(EXERCISE GOAL) The whole listing is to be transcribed exactly as it stands.

--- GIVEN DATA Enclosed Below ---

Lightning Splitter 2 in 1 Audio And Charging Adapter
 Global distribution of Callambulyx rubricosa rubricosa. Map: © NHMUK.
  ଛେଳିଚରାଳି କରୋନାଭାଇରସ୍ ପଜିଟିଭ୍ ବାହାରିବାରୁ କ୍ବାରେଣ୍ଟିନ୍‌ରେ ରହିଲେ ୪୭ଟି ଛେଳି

--- End of Enclosed GIVEN DATA ---

(WRITTEN SOLUTION)
Lightning Splitter 2 in 1 Audio And Charging Adapter
 Global distribution of Callambulyx rubricosa rubricosa. Map: © NHMUK.
  ଛେଳିଚରାଳି କରୋନାଭାଇରସ୍ ପଜିଟିଭ୍ ବାହାରିବାରୁ କ୍ବାରେଣ୍ଟିନ୍‌ରେ ରହିଲେ ୪୭ଟି ଛେଳି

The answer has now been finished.